§ **Exercise directions**: The lines from the one containing "I got my iPhone" through the final line of the listing below are what the answer must repeat, exactly and only, leaving pictures out.

§ **Data shown**:
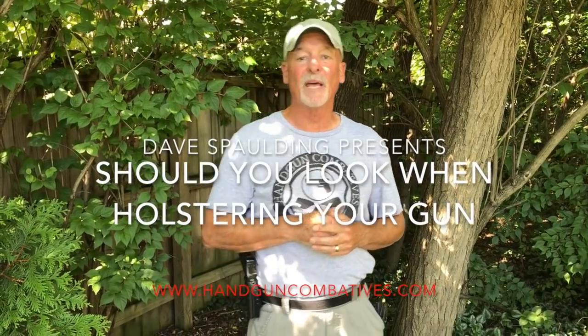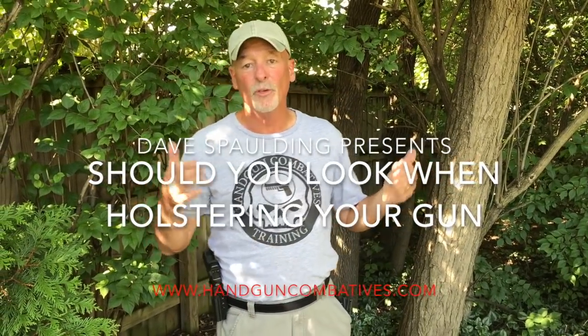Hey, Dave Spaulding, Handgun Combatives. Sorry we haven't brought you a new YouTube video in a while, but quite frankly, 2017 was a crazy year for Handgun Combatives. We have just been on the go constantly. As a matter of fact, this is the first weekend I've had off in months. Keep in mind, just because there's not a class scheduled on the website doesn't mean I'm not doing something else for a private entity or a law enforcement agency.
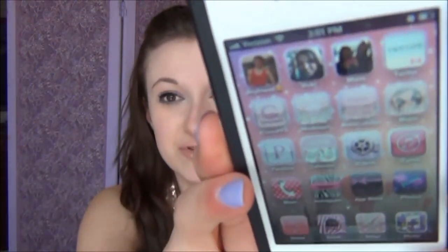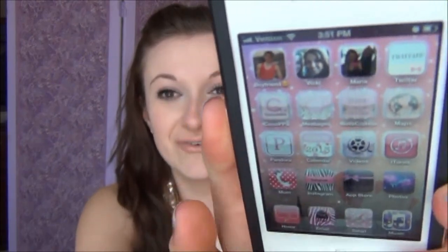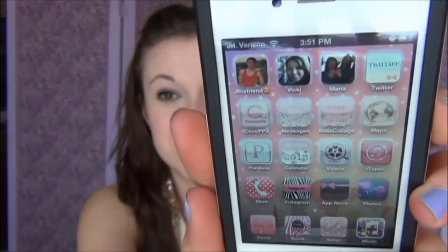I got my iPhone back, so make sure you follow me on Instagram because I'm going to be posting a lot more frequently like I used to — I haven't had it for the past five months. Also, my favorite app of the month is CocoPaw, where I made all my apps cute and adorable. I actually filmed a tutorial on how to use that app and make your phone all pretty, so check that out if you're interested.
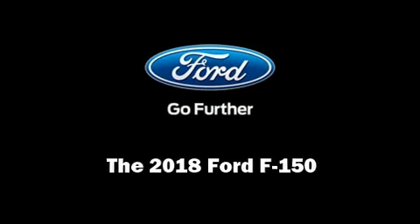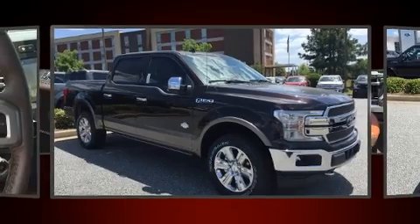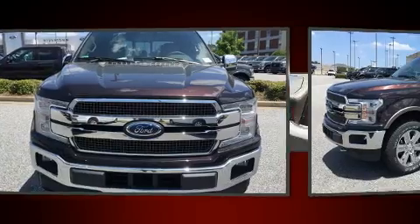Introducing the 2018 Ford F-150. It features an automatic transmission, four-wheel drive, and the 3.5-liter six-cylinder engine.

§ **Answer section**:
I got my iPhone back, so make sure you follow me on Instagram because I'm going to be posting a lot more frequently like I used to — I haven't had it for the past five months. Also, my favorite app of the month is CocoPaw, where I made all my apps cute and adorable. I actually filmed a tutorial on how to use that app and make your phone all pretty, so check that out if you're interested.
Introducing the 2018 Ford F-150. It features an automatic transmission, four-wheel drive, and the 3.5-liter six-cylinder engine.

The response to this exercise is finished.